Multiple sclerosis: reduce symptoms by 20% with a diet

The results of a recent study of nearly 7,000 patients with multiple sclerosis (MS) show that a healthy diet and a healthy lifestyle can reduce disease-related disability and the occurrence of symptoms.

Fruits, vegetables, and whole grains for multiple sclerosis

The NARCOMS study conducted in the United States since 2015 (North American Research Committee on MS) has made it possible, through a questionnaire, to list and estimate the intake of fruits, vegetables, legumes, whole grains, added sugars, red meat and processed meat to some 7,000 people with MS. And establish a diet quality score. The higher the score, the better the diet, i.e. healthier.

Based on this extensive questionnaire, the researcher, Katryn C. Fitzgerald (School of Medicine, Baltimore) sought to find out if a diet can have an impact on the symptoms of MS, by cross-referencing the data. To do this, she asked patients about the evolution of their symptoms (more or less symptoms) and the frequency of flare episodes (relapses) over the past 6 months, while taking into account their lifestyle, weight, level of physical activity and their smoking habits.
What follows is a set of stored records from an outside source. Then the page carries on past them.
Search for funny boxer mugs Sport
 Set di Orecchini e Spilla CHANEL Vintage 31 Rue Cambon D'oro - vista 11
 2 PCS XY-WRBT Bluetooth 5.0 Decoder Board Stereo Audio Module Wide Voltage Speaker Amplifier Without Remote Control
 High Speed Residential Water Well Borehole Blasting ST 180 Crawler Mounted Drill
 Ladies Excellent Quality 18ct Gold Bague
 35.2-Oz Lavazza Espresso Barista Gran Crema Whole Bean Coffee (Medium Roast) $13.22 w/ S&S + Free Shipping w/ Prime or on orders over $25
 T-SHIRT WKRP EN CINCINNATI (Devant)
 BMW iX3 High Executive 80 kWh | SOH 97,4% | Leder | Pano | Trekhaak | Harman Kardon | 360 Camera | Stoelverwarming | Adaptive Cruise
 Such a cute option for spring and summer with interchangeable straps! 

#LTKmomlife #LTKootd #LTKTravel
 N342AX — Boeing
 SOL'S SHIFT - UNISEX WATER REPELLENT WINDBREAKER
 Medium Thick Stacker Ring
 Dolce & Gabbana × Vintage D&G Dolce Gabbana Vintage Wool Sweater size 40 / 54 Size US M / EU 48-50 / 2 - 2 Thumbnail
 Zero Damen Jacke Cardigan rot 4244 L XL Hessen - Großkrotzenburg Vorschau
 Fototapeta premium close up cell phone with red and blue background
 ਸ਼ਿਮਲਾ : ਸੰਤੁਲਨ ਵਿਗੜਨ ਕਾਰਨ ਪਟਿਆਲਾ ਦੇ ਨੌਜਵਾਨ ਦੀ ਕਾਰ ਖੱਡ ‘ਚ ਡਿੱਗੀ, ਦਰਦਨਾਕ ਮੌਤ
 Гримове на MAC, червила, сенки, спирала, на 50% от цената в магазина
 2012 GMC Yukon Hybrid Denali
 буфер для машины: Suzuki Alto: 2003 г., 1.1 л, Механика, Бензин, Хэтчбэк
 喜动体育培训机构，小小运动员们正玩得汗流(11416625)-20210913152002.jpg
20% reduction in severe disability

Patients with higher quality diet scores show lower level of physical disability and lower depression scores. And patients enjoying a healthy lifestyle have a lower risk of fatigue and cognitive impairment.

In conclusion, this large-scale study suggests that a healthy diet and lifestyle appear to be associated with better control of MS symptoms and disability.


Fitzgerald KCet al.Diet quality is associated with disability and symptom severity in multiple sclerosis. Neurology, First. 2017.